He’s exasperated, that’s for sure. Even as he talked about vague, moderate-friendly concepts like “forging consensus,” there was frustration in his voice. But the crowd was receptive to the pitch, and after he got a standing ovation for promising that, if elected, he would not blame his problems on President Obama, he seemed freed to begin a full-throated assault on Trump, Bush enemy No. 1.
He began by repeatedly calling the mogul “weak” for disparaging women, Hispanics, POWs, etc. And the crowd, in the subdued way of an older-skewing New England audience, ate it up.
“Donald Trump, you’re the loser!” he concluded with all the angry energy of a nerdy, hormonal student yelling at an absent bully. It seemed cathartic.

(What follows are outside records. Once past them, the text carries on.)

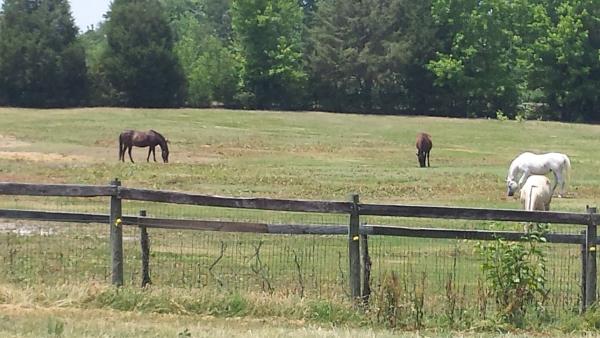 Rainbow Acres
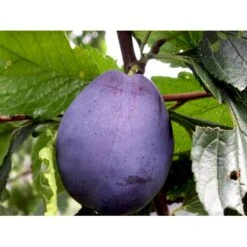 Blomme 'Hanita' Prunus Domestica 'Hanita' 4-8 Grene, 130-170 Cm. 10 Liter Potte. (S.J.A.) 9 Blomme 'Hanita' Prunus Domestica 'Hanita' 4-8 Grene, 130-170 Cm. 10 Liter Potte. (S.J.A.) -Osmo Salgsbutik mi4899 prunus domestica hanita baaf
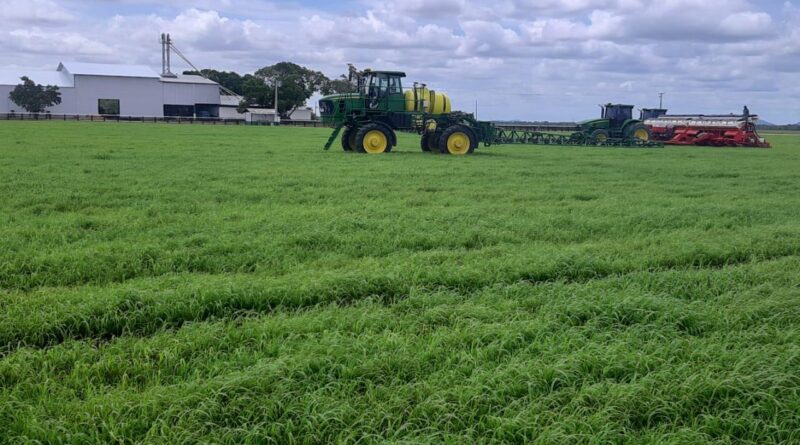 Início do plantio da soja em Roraima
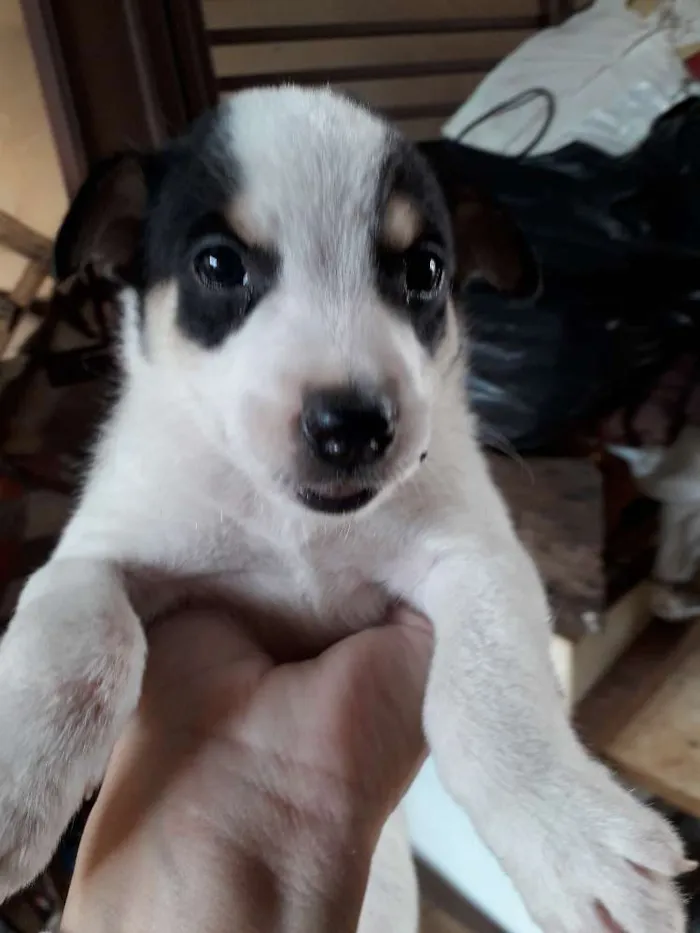 Cachorro ra a Srd idade Abaixo de 2 meses nome Filhotinhos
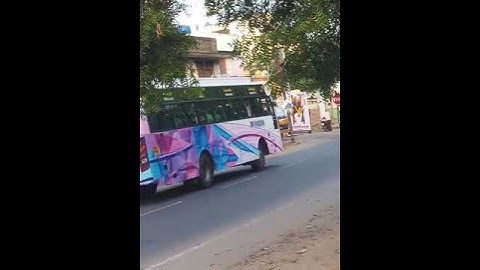 In the morning, the Sri Vinayaka bus to Bangalore arrived with a beautiful and wonderful song.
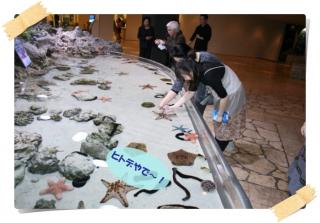 美ら海水族館３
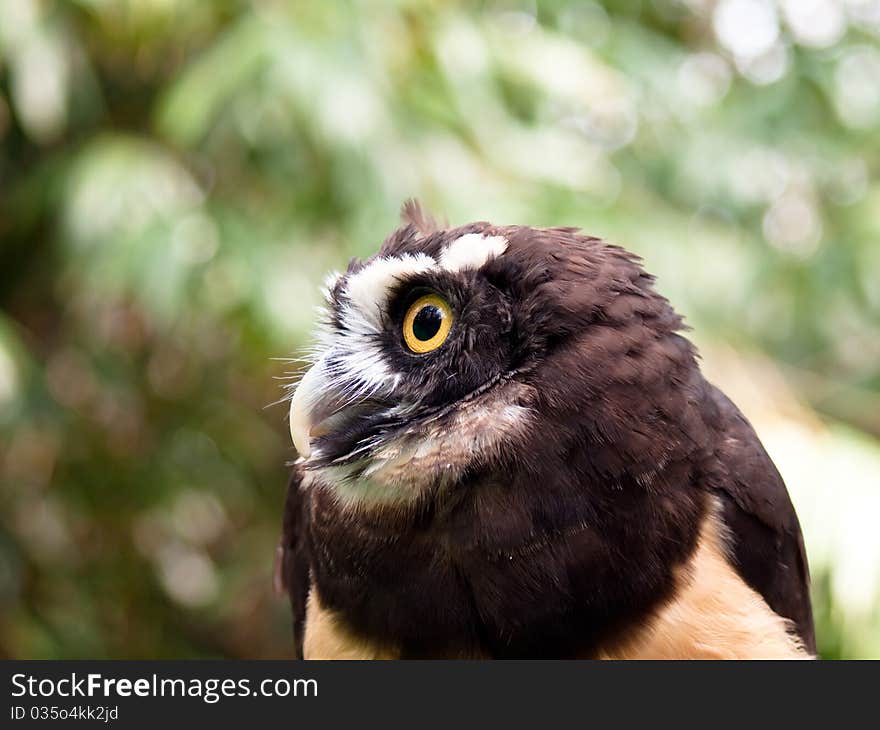 Closeup of a brown owl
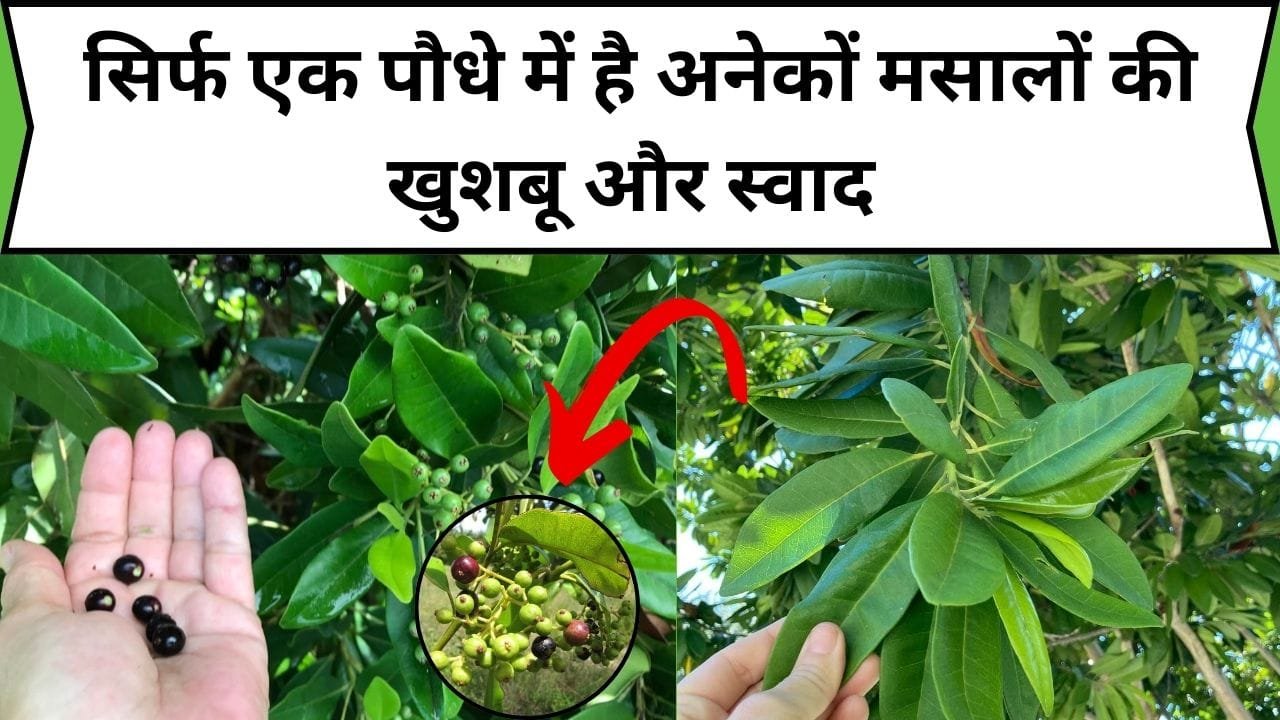 सिर्फ एक पौधे में है अनेकों मसालों की खुशबू और स्वाद, घर में ही लगाएं और बाजार से तरह-तरह के मसाले खरीदने के पैसे बचाए, जाने पौधा लगाने का तरीका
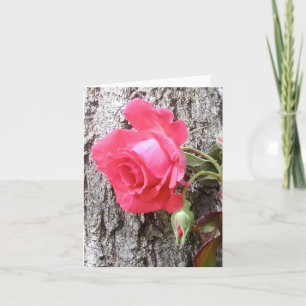 Tarjeta de saludo de Rosa Climbing on Tree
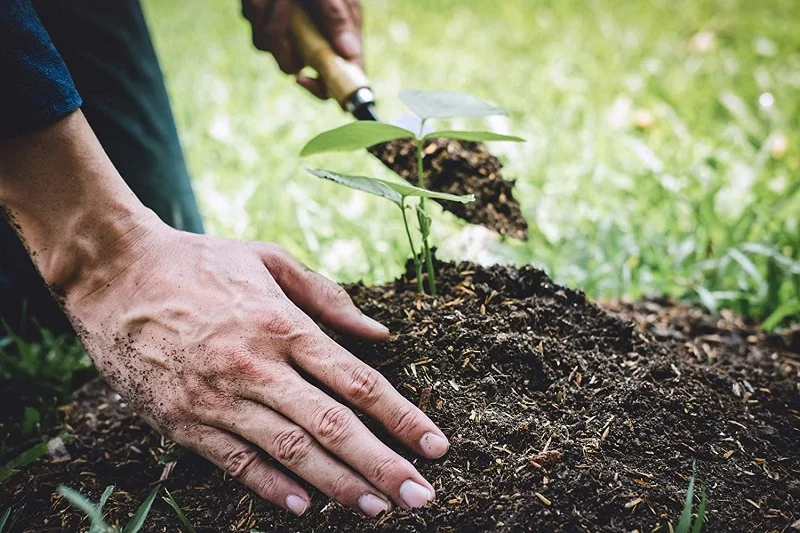 Bán nhà, đất có cần hỏi ý kiến người cùng hộ khẩu?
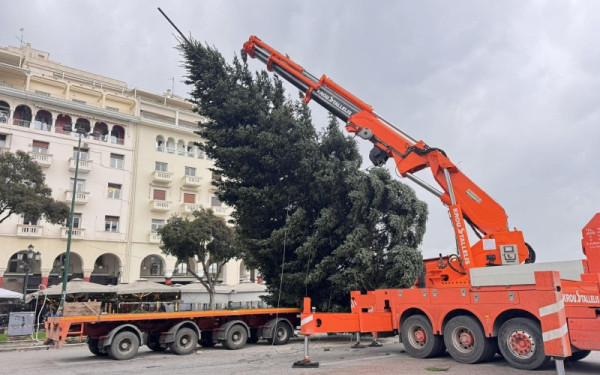 Θεσσαλονίκη: Ξεκίνησε η τοποθέτηση του Χριστουγεννιάτικου δέντρου στην Πλατεία Αριστοτέλους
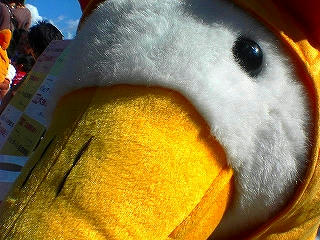 20091011_0001.jpg
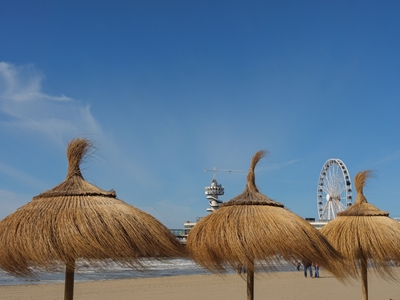 Parasol de palmier sur la plage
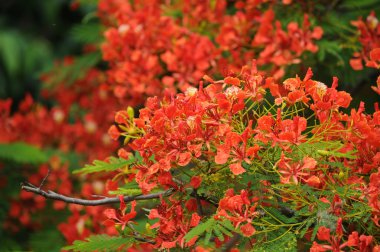 Tavus kuşu çiçekler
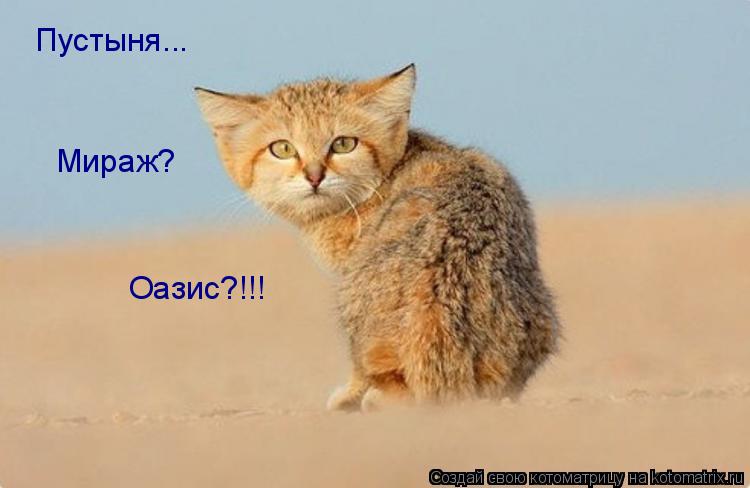Пустыня... Мираж? Оазис?!!!... Котоматрица: Пустыня... Мираж? Оазис?!!!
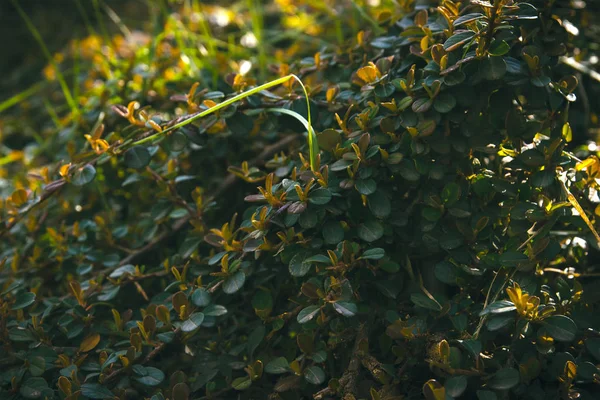 yeşil yuvarlak yüzey dokuları arka plan yaprakları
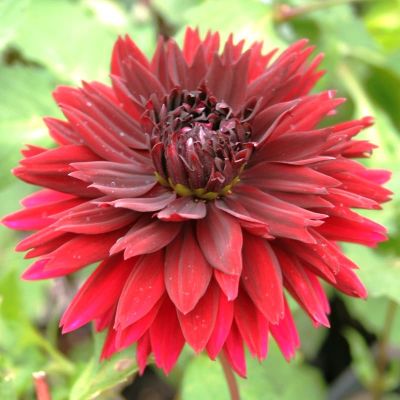 Георгина Блэк Тач Георгина Блэк Тач фото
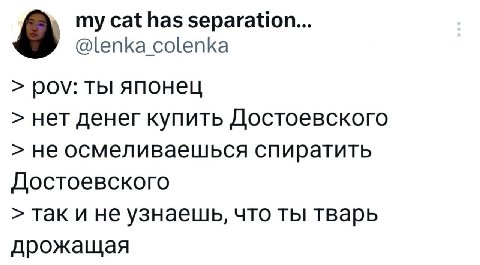 8 my cat has separation... @lenka colenka POV: ты японец нет денег купить Достоевского не осмеливаешься спиратить Достоевского так и не узнаешь, что ты тварь дрожащая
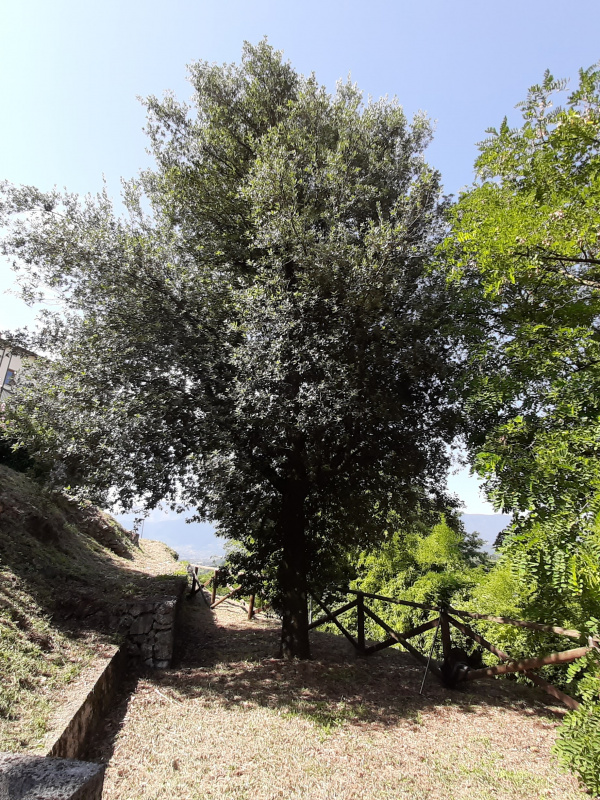 Quercus ilex - 00330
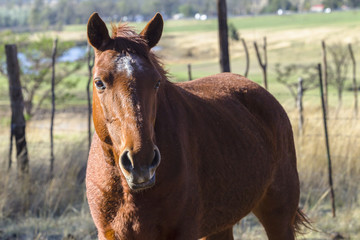 Horse closeup portrait retired aged to paddock pastures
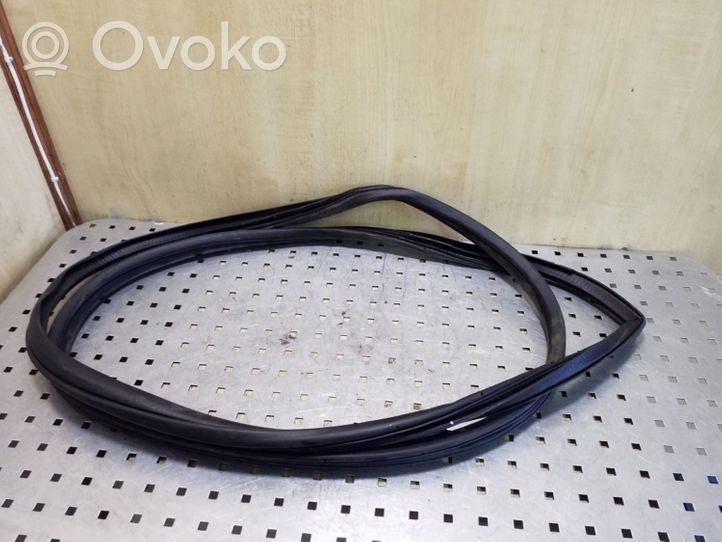 Mitsubishi Outlander Front door rubber seal 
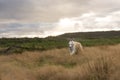 Portrait of happy and free beige dog breed russian borzoi running in the field at sunset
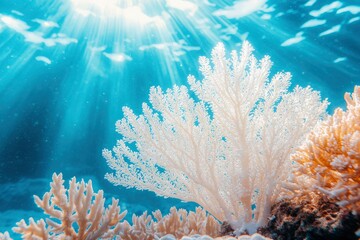 Wall Mural - White Coral Reef with Sunbeams Under Water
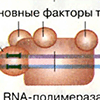 Созревание РНК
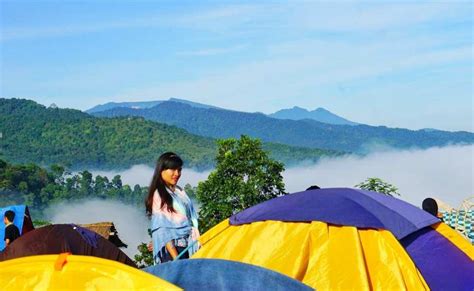 Tempat Camping Terpopuler Di Subang Cocok Untuk Refreshing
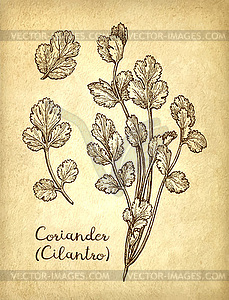 Ink sketch of cilantro - vector clipart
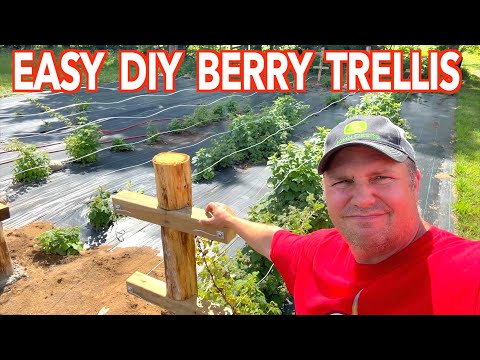 How To Build A Raspberry Trellis (For Blackberries Too)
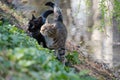 Two cats on the shore of the pond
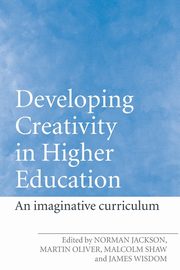 Developing Creativity in Higher Education, 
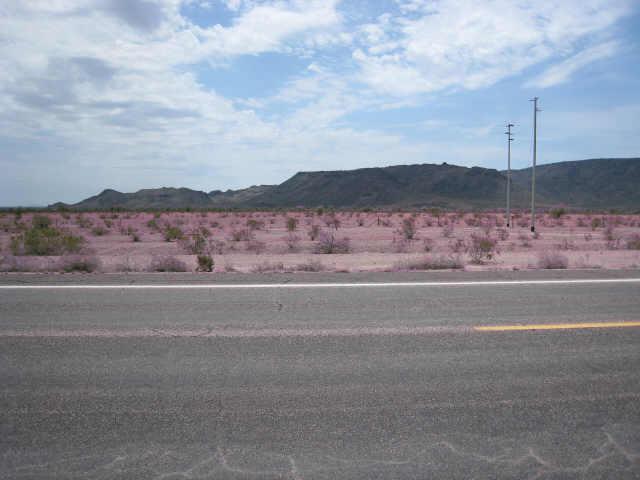 49618 60 Hwy. #1, Brenda, AZ 85354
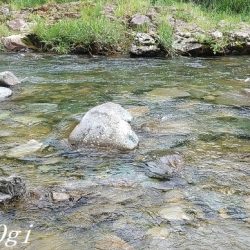 雨で水量は回復した？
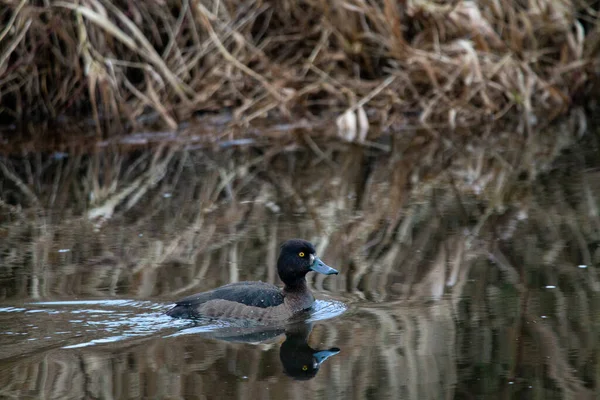 Female Tufted Duck Swims Water — Stock Photo, Image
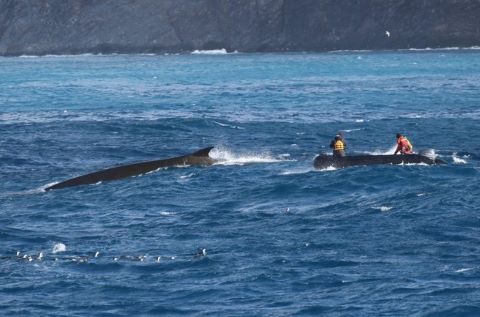 Ryan Reisinger, Principal Investigator of the research project, approaching a fin whale from a small RIB to biopsy-sample it 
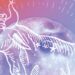The 3 Zodiac Signs Getting Permission to Indulge With the Taurus Full Moon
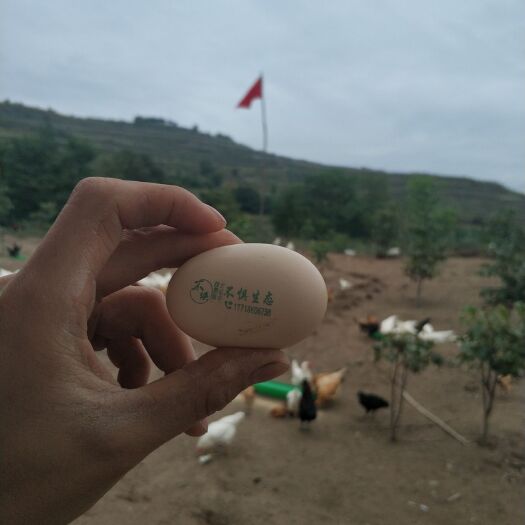秦安县 好的鸡蛋有三层  打开看视频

Then he took out time to mark the man many in Jeb-land see as a traitor, mocking Marco Rubio’s embarrassing repetition of a talking point at Saturday’s debate. Bush would be unable to repeat the same line so many times, he explained with mock humility, because he’s too “intellectually curious,” too self-questioning, and always thinking to reliably stay on message.
Just then, a journalist loudly doing an interview in the back of the cramped elementary school gymnasium became Bush's next target. “Why is he yelling while I’m speaking?” he shouted to applause. The reporter quickly wrapped up his hit.
Even some of the participants in a post-speech Q&A session found themselves on the wrong end of Jeb’s newly rediscovered temper, particularly one who didn’t like Bush’s description of illegal immigration as an “act of love.”
The questioner started off by attributing the “slow start” to Bush’s campaign to his “politically incorrect” depiction of undocumented border-crossing.
“That’s not politically correct,” a visibly annoyed Jeb shot back, interrupting the questioner. “You don’t think that 99 percent of the people who come to this country are just trying to put food on the table for their families?”
The questioner tried again. “Do you believe in the rule of law –"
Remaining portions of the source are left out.